In each simulation, sequences were sampled over the course of 2000 generations at a rate of one sample per 2 generations to yield approximately 1000 samples in total. A Bayesian coalescent approach was then used to estimate the gene genealogies connecting these sequences (Figure 3, 4, 5, 6). It is immediately obvious from these results that selection constrains tree topology, resulting in more narrow ladder-like trees in each case of selection relative to the case of neutrality.

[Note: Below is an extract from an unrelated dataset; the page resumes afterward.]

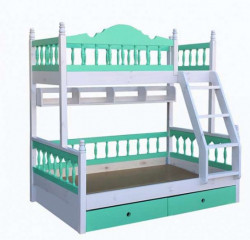 Двухъярусная кровать Велес-Арт Аврора-1 с ящиками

Both positive and negative selection constrain both genetic diversity and scaled effective population size N e τ. Under purifying selection, the original phenotype remains throughout the simulation (red lineage in Figure 4), but mutations to this lineage often result in less fit phenotypes. These lineages are quickly purged from the population (Figure 4). In this case, the mean fitness of the population remains roughly constant through time, while in both cases of positive selection fitness increases through time (Figure 5, 6). There are further differences between the case of constant positive selection and the case of episodic positive selection. In the case of constant positive selection (Figure 5), the tree appears fairly uniform, although there are multiple cases where relatively major lineages die out. Here, the effects of clonal interference [21, 22] are apparent. All major lineages continually accumulate beneficial mutations. However, because there is no recombination, these mutations cannot be combined onto the same genetic background, and thus, they are in competition with one another. The tree shows that lineages that stochastically accrue more beneficial mutations tend to outcompete less fortunate lineages. In the case of episodic positive selection (Figure 6), we see that mutation events result in a rapid transition of the population to the new allelic state. This rapid transition can be seen as a sudden crash in genetic diversity, corresponding to the loss of lineages (side branches) bearing the ancestral allele. As opposed to what is seen with constant selection, the disappearance of these lineages is synchronous, e.g. multiple green lineages simultaneously disappear when yellow emerges at around generation 1300.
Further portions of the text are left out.